No one determined anything, and at no time was there any question of the true destiny of the theater, i.e., of what, by definition and essence, the theater is destined to represent, nor of the means at its disposal for realizing this destiny. On the contrary the theater seemed to me a sort of frozen world, its artists cramped among gestures that will never be good for anything again, brittle intonations which are already falling to pieces, music reduced to a kind of arithmetic whose figures are beginning to fade, some sort of luminous explosions, themselves congealed and responding to vague traces of movement- and around all this an extraordinary fluttering of men in black suits who quarrel over the receipts, at the threshold of a white-hot box office. As if the theatrical mechanism were henceforth reduced to all that surrounds it; and because it is reduced to what surrounds it and because the theater is reduced to everything that is not the theater, its atmosphere stinks in the nostrils of people of taste.”
–
from “The Theater And Its Double,” (Grove Press: 1958), by Antonin Artaud, pg. 45.
-FREE FALL
The TERRITORY BAND-6 work finished on Thursday the 24th of August, the European musicians flew home on Friday, and work on the new FREE FALL recording began on Saturday. We started rehearsing in my basement a few hours after Håvard arrived by plane from Oslo, each of us with new compositions for the trio. Another rehearsal on Sunday, quickly pulling the sounds together: the sessions felt like a cakewalk compared to the Territory Band rehearsals!
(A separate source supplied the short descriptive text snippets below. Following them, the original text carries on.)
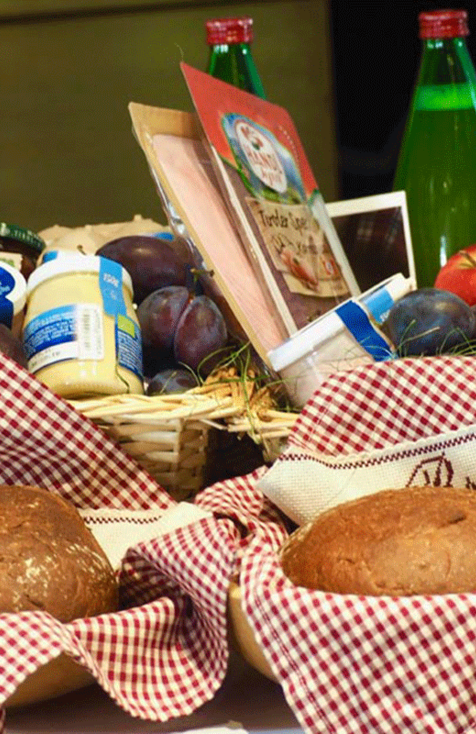 Frühstückstasche Mit verschiedenen Lebensmitteln gefüllte Frühstückstaschen.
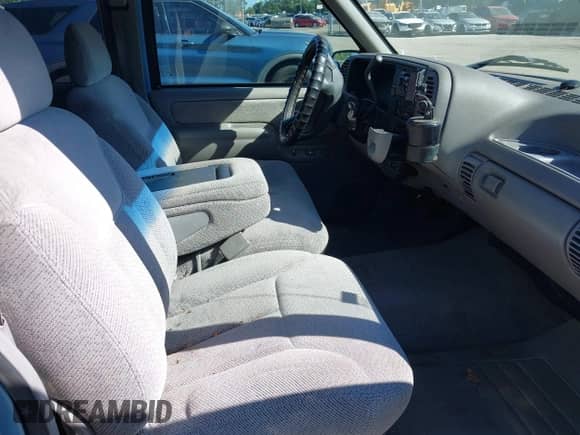 1996 GMC Sierra 1500 z VIN 2GTEC19M9T1527701, wystawiony jako IAAI lot #43289683 z przebiegiem 297 195 mil mil oraz . Historia ofert i sprzedaży dostępna na DreamBid. Obrazek 5.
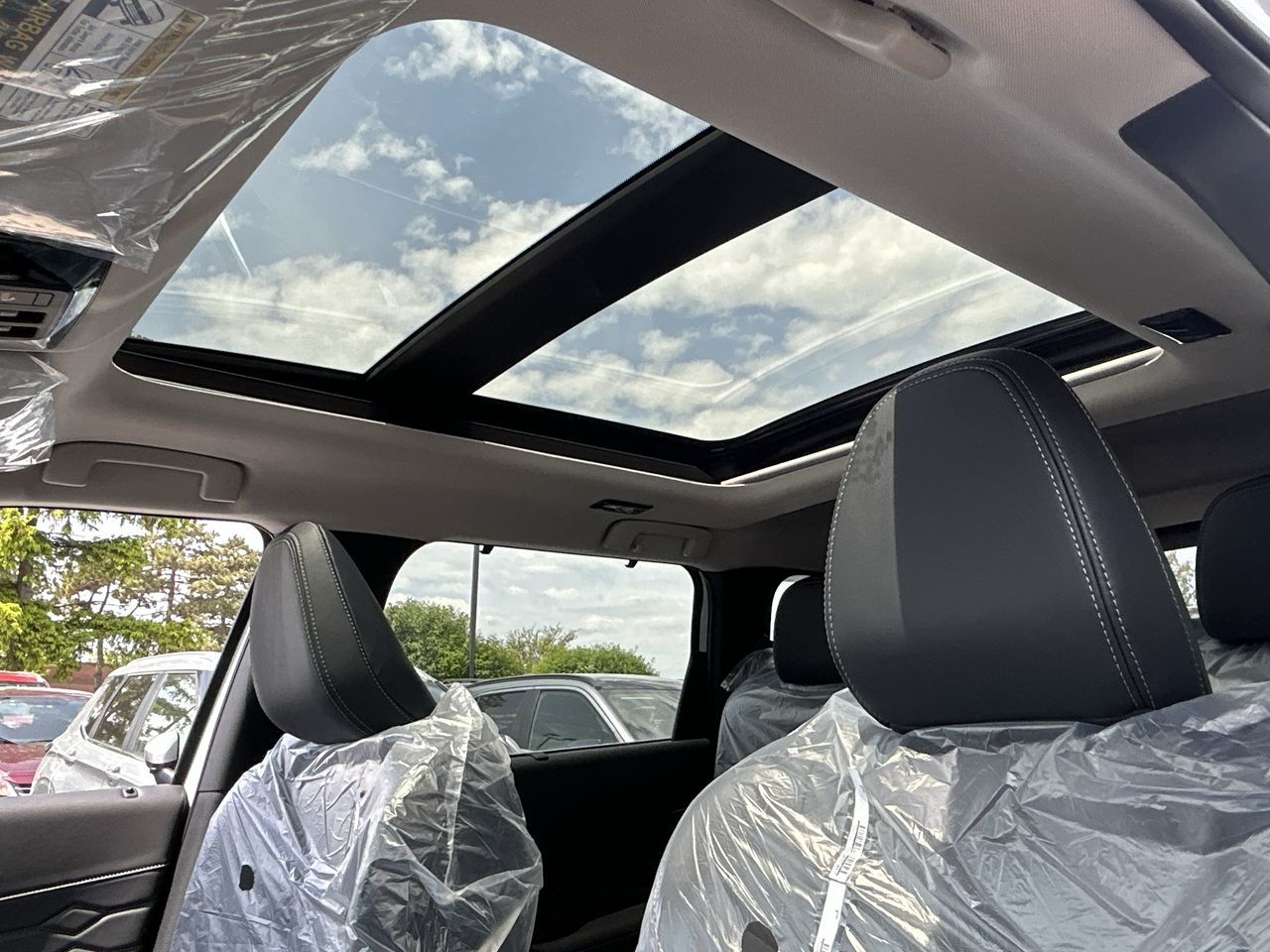 2025 Mitsubishi Outlander in Mississauga, Ontario
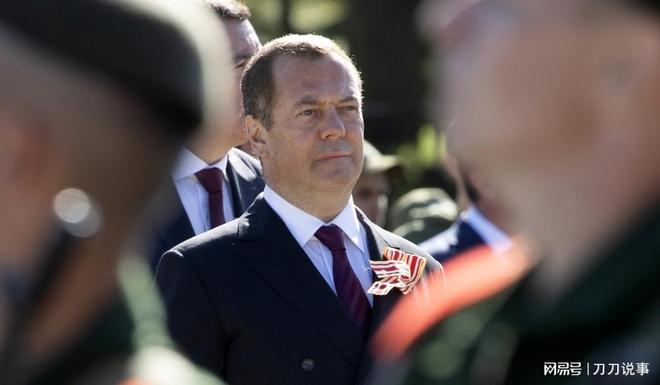 开云下载-关于美国网球队翻盘欧洲网球队，梅德韦杰夫统治全场的信息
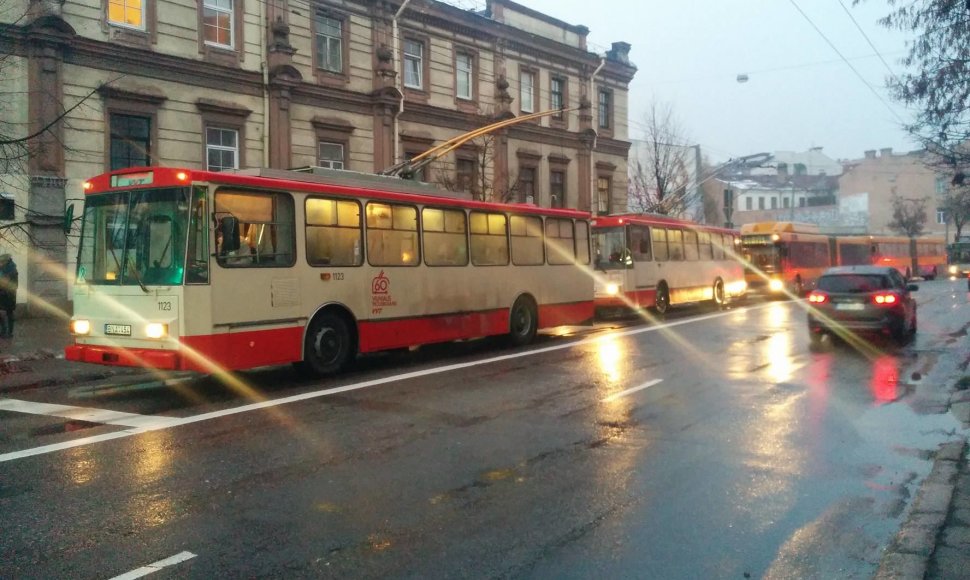 Vilniuje, Pylimo g., sustojo troleibusai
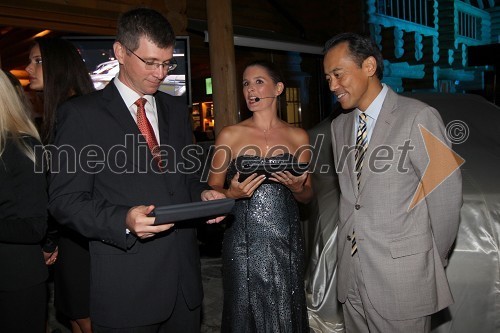 Martin Logar, direktor družbe Summit Avto, Bernarda Žarn, povezovalka prireditve in Nakagawa Hiroshi, izvršni direktor Summit Avta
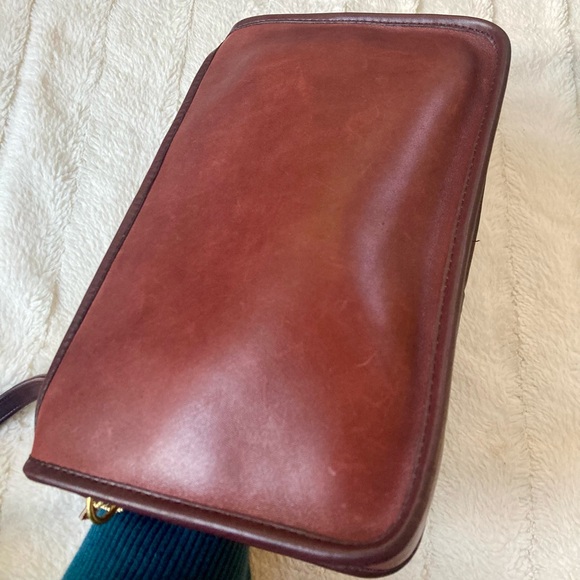 Coach Vintage Basic Bag Burgundy 9455 - Picture 5 of 15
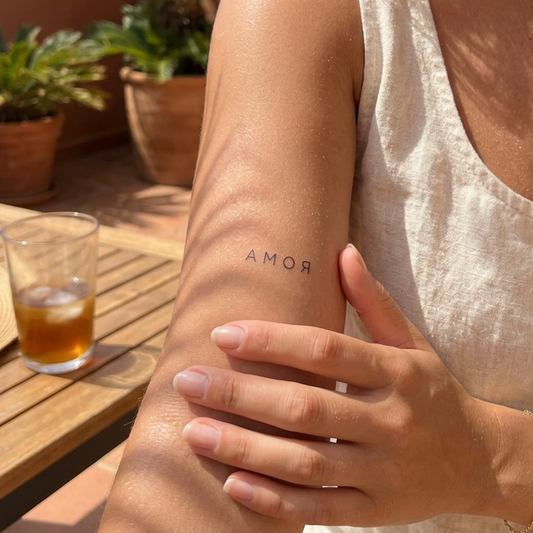 AMOЯ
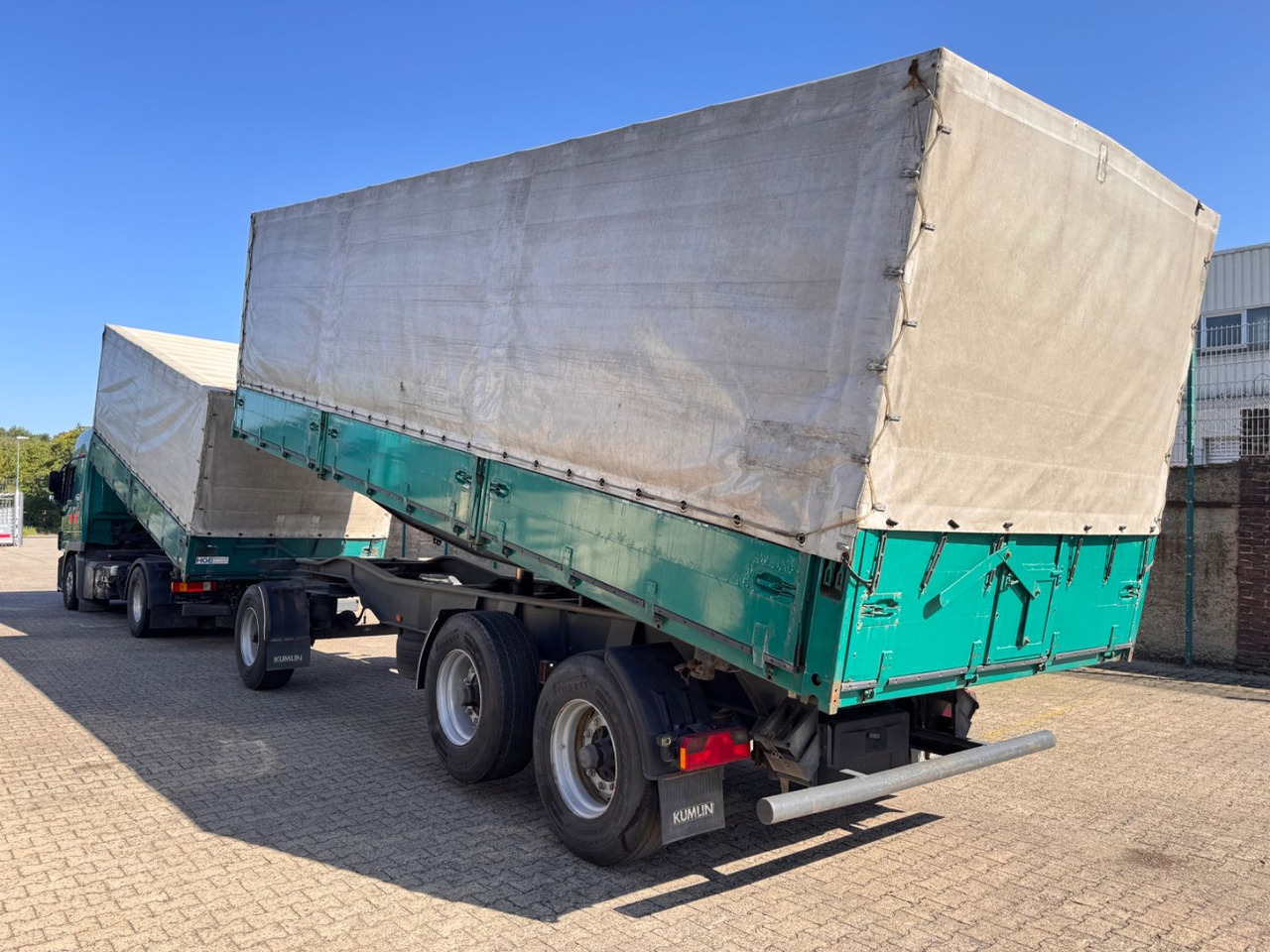KUMMLIN 3-Achs Getreide Kipper 3 Seiten Liftachs - Rimorkio vetëshkarkuese: foto 1 KUMMLIN 3-Achs Getreide Kipper 3 Seiten Liftachs - Rimorkio vetëshkarkuese: foto 1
On Monday the three of us set up for recording at the Claudia Cassidy Theater in the Chicago Cultural Center, with Jason Ward engineering. The new material coalesced surprisingly fast, our tour in May strengthened the group interplay and clearly gave all of us some good ideas about what to write next for the ensemble. Despite the accelerated schedule (two days rehearsal before starting to record- much less preparation time than I’d prefer, but it’s all we had to work with) the first day went exceedingly well. We tackled one composition at a time- reviewing written passages, discussing form and improvisational strategies, hitting record- steadily moving through the set using this methodology. The next day, on the 29th, FREE FALL played and recorded a free concert in Claudia Cassidy at noon. Since the gig was so early I wasn’t sure what the turn out would be but we had a fantastic crowd. The performance proved to be tricky at times, one piece after another with no time for review, and Ingebrigt and Håvard got a bit lost during their car ride to the CCC (you can put Ingo in a car with the directions but that doesn’t seem to necessarily mean that he’ll understand the difference between left and right…) so things were pretty rushed before the gig started. Despite these issues we got to some good music during the concert, and when it was finished the trio re-recorded the pieces we weren’t completely happy with. This meant by the end of Tuesday we had at least two strong versions of every composition. In addition to this we recorded three pairs of duo improvisations. Håvard suggested the idea as a way to segue between the written pieces and as a tie to the way the group works in performance, integrating open improvisations with improvisation based on composed material. A fine stretch of work for the band, though I was struck by the fact that it was only our second chance to play in the United States even though FREE FALL has been together for years.